Sunderland’s economy runs on manufacturing and logistics, and the buildings show it: large factory sheds, supplier units and distribution space with some of the biggest roof areas in the North-East. Most of that acreage is profiled metal, much of it decades old, and all of it faces North Sea weather that gives roofs no easy seasons. Salt in the air, hard winters and long wet spells push surface corrosion along quickly, while the steel frames beneath typically remain sound for decades more. That gap between a failing surface and a healthy structure is precisely where industrial roof coatings earn their keep.
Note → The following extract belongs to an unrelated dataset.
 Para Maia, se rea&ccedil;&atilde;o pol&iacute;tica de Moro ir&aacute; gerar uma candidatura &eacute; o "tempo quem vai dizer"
Coastal weather and large metal roofs
The bigger the roof, the more edge there is to fail. On profiled steel sheets corrosion starts at the cut edges, where the factory finish stops and bare metal is exposed at laps, eaves and ridges. Salt-laden air accelerates the process, and on long industrial elevations the affected length of lap joint runs into hundreds of metres. A coating system addresses this at the right moment: edges are prepared and primed, laps sealed, fixings dealt with, and the whole surface recoated to restore a continuous weatherproof layer. The same work attempted after the rust has gone through the sheet is no longer a coating job, which is why timing decides the economics.
Survey first: what we check before recommending anything
Every roof gets inspected before anything is priced. The survey covers:
- Corrosion spread at cut edges, and whether perforation has started
- Sheet condition across the field of the roof, not just the edges
- Fixings, washers and lap sealant
- Rooflights, flashings, penetrations and gutters
- Moisture indicators on composite and built-up systems
The report states plainly whether the roof is a sound candidate for coating, needs repairs first, or is past the point where coating is honest value. Facilities teams use it for budgeting even when the work is a year away, which is exactly what it is for.
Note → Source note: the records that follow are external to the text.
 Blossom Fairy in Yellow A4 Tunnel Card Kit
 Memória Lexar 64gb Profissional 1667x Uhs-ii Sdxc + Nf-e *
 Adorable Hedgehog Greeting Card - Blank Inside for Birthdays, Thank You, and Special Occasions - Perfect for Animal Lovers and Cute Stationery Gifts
Minimal disruption to manufacturing and shifts
Factories and supply-chain units around Sunderland often run shifts that leave no convenient downtime, so the work has to fit the operation rather than the other way round. Coating is applied from outside the building: no strip-off, no opened-up roof waiting on the weather, no decanting of production or stock. We sequence large roofs in sections, agree access and traffic routes with your site team, and keep the noisier preparation stages to agreed windows. We are based in the South-East and carry out work across England; North-East projects are planned and resourced so the distance is our problem, not yours.
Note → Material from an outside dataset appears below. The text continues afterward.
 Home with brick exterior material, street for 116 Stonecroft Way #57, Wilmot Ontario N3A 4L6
When a coating would waste your budget
We are straightforward about the limits. If corrosion has perforated sheets in numbers, if edge rust has travelled deep under the finish, if composite panels are holding wet insulation or the fixings and purlins are failing, a coating will not save the roof and we will not pretend otherwise. Fragile fibre-cement roofs in poor condition can also be unsafe to coat at all. In these cases the survey report recommends the realistic route instead, whether that is partial sheet replacement, overcladding or a full re-roof, and you can take that report to any contractor you choose. Coating the wrong roof helps nobody, least of all the team that has to explain the leak two winters later.